HR has had a hard time of it during the economic slow down and recession. Being a cost center (and arguably being one of the less fashionable corporate cost centers), HR has been vulnerable to budget cuts in areas such as head count and training, during this slow economic period.
In fact, training is often one of the first budgets to be hit during a recession, with one report showing that the US corporate training budget shrank from $58.5 billion to $56.2 billion in 2008, at around the start of the last recession – and is slowly recovering now.
HR (and in particular training budgets), are often viewed as an expendable cost center, a ‘nice to have’, making them a sitting duck during hard times and a clear target for downsizing. This is damaging for HR team morale and limits the effectiveness of the HR team, lowering its perceived value in the business.
Demonstrate ROI to protect HR Budgets
So, what can HR and in-house training professionals do about this? The obvious strategy is to align your HR function with current HR thinking, which says that HR should be demonstrating the ROI that the HR function brings, e.g. for every £1,000 investment in HR, there is X.X% increase in productivity, or X% increase in profitability.
Now, the underlying mathematics and mechanisms of this ROI approach to HR are complicated, but if you can make it work, and build a cogent business case for the added value that HR brings, you will secure more investment and protect your department during recessions.
But, the problem with this approach is that much of this ROI business case is built on correlations and not direct cause and effect.
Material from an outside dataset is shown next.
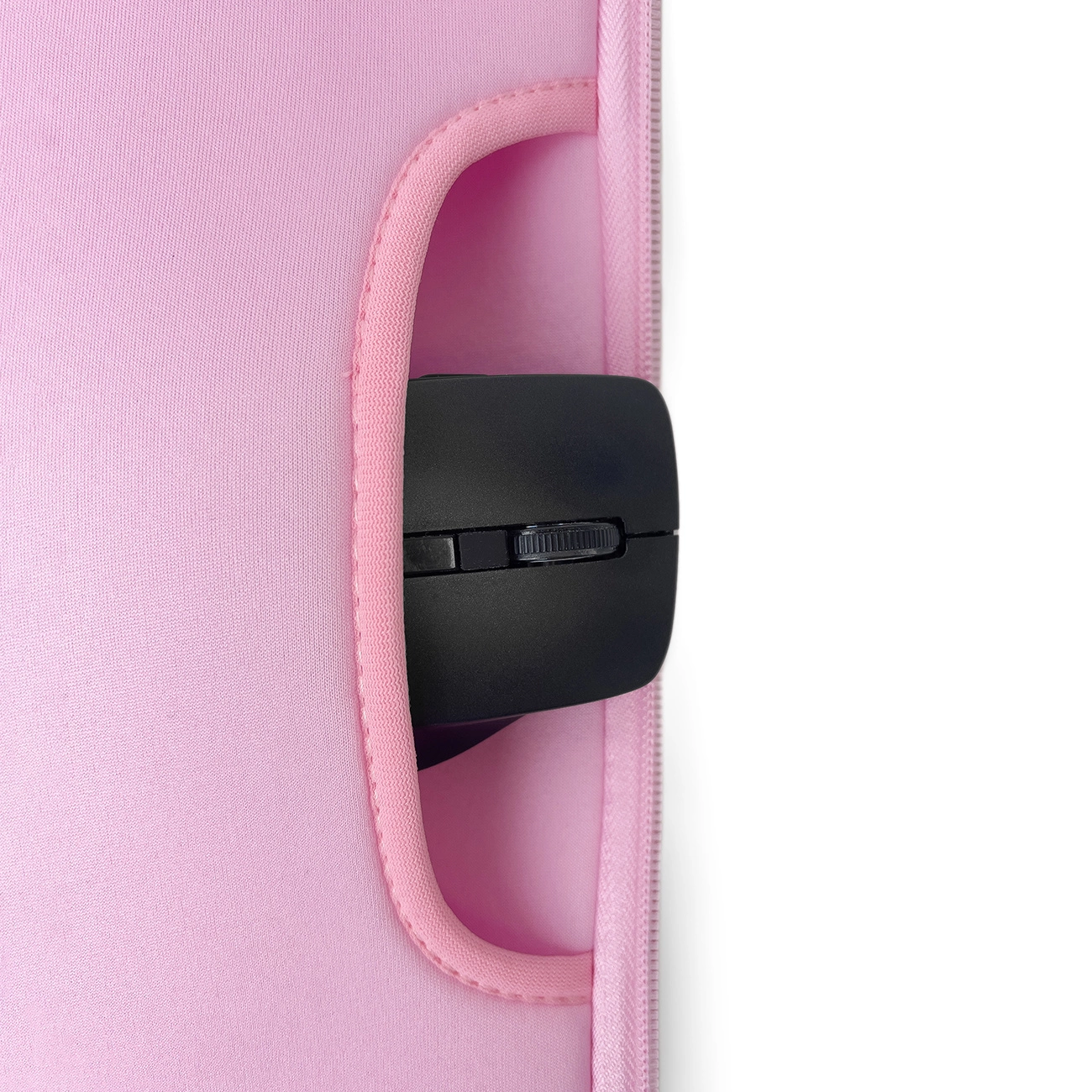 Eine schwarze Computermaus befindet sich in einer rosa Mauspadtasche. Das Mauspade hat einen hellrosa Reißverschluss und einen weißen Hintergrund.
This means its hard to prove that these HR interventions definitely caused the observed performance increases, which can weaken the HR ROI business case and mean HR is still vulnerable at times of extreme downward pressure on budgets.
Internal Charging Model
So, with there being some vulnerability in the HR ROI business model, HR needs to build a stronger case to ensure its existence during hard times. HR can do this by adopting an internal charging model.
In this situation, your HR team would charge out its services to the business at rates below that which it would cost to source your services externally, to firstly demonstrate that in-house HR is a better option than outsourcing. But, secondly you want to show that your HR team is cost neutral or arguably profitable. This will be a powerful case that will help to protect HR and its budgets when it comes to downsizing. But, it does have weaknesses as it is virtual income, and the business will still see real cash going out to pay HR bills, while not actually seeing hard cash coming in to pay for your HR services. Its virtual income and real outgoings.
Therefore, why not take it to the next level and actually start generating real revenue from the in-house HR department and become a bonafide profit center. The way to do this is to sell some of your HR services to external customers. This is not new really. IBM do it; their Global Process Services is effectively an in-house shared service center of excellence that has been made available to the market.. Why not do the same?
Training to the rescue
A great place to start is through training courses. Why not develop your own training courses (or buy them in) in areas of management, leadership, communication, soft skills etc… and deliver them in-house, but market and sell them to external customers. Your HR department and particularly your training organization will be in effect doubling up as an internal HR service and an external training consultancy. Your training department will be generating real income which could easily pay for your training department, making it genuinely profit making, raising its reputation and safe guarding it during recessions.